A rail system would lower pollution. With fewer cars on the road, emissions would become less of an issue. (No doubt the city would never be the same again -- could
the Houston skyline be complete without the dense layer of fog? It might take a little getting used to.)

With the new transportation system, Houstonians would not only be breathing easier, we would be getting more exercise walking to and from the train stations -- not to
mention the many flights of stairs that would be within the stations. Who knows, we might even lose a few pounds collectively, forcing us to relinquish our title as "fattest
city" to someone else.

Rather than obsess over minute details such as the great inconveniences involved or whether or not it's even a realistic expectation considering the size of the greater
Houston area, imagine for a moment Houston life with a system of aboveground trains.

You would wake up in the morning and walk a mere half-mile to the train station.
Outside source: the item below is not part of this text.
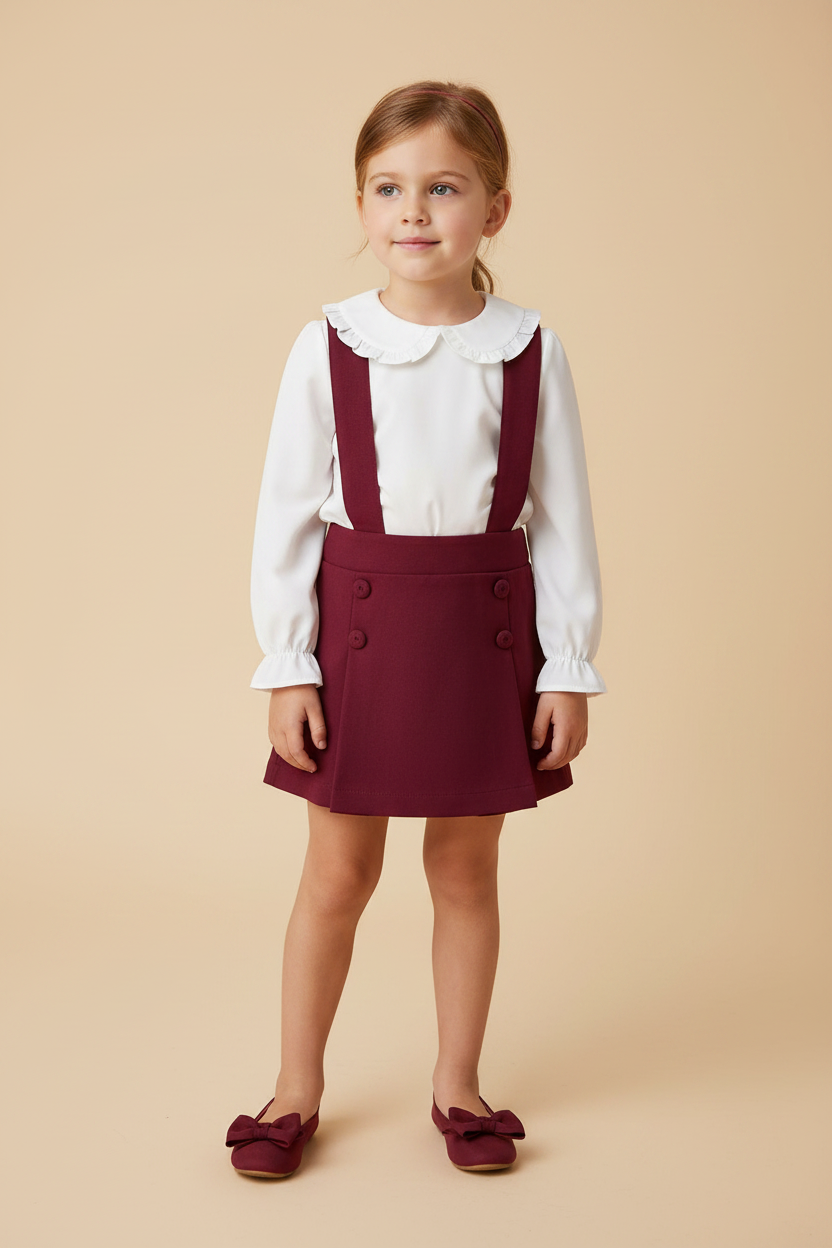 Saia Infantil com Suspensório Cor Vinho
Just outside is a strip center with a Starbucks, a McDonald's and an IHOP. Upon entering
the station, the sweet smell of fresh pastries comes to greet you from a nearby bakery, and the morning news is just within reach at the kiosk in front of you.

The aboveground rail system would provide a shopping center and transportation junction in one, creating more jobs for Houstonians.

A friend of mine, who also recently enjoyed the wonders of Japan, described his experience riding a Japanese bullet train. He said it was comfortable and smooth. There
were no delays, no stops and no problems. It was the most automated form of transportation he said he's ever seen.

With the introduction of the Metro light rail system, Houstonians might decide they like the convenience of transportation that is quick, reliable and relaxing.

On the other hand, who knows how long that would take? Maybe we'll all buy one-way tickets to Tokyo and tell all the Houston bureaucrats, Sayonara!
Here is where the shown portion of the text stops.